Water services and charges will also rise by 3 per cent for the average household.
The budget also includes $560 million for key waste management, sewerage and water service programs, which is almost a third of the entire budget.
$285 million will be invested in transport, including for road repairs, improved cycleways, new bridge works and pedestrian pathways.
$47 million of that will go city-wide road repair and reseal programs including new kerbs, channels, guard rails and pedestrian crossings.
The upgrade of Peachy Road in Ormeau, reconstruction of road pavement along Cotlew Street in Ashmore, a new road bridge in Kerkin Road North in Pimpama and the upgrade of the intersection at Mirambeena Drive and Creek Street in Pimpama have also been included in the budget.
The city is continuing to focus on protecting green and open space, allocating $22 million dollars towards GreenHeart over the next two year.

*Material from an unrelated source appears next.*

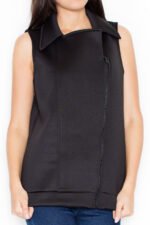 Gilet model 49965 Katrus - Image 3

“This will be a signature parkland for the entire south east Queensland region,” Mayor Tate said.
“It is a 241-hectare parcel of land that will take a decade to fully develop but will add incredible community space between Robina and Merrimac.
“The space will feature sporting fields, nature experiences and event sites for large outdoor concerts.
“In every way, this will be a huge asset for the entire SEQ region given its proximity to heavy rail and the M1.”
There has been a massive investment in the maintenance city’s outdoor spaces, like sporting fields and parks, with $300 million dollars set aside.
More than $55 million will also be invested in the city’s economic credentials in areas like marine, film, television and tourism.
Destination Gold Coast, which is the city’s main tourism body, will receive $16.5 million, Major Events Gold Coast will receive close to $12 million and Study Gold Coast will be allocated $3 million.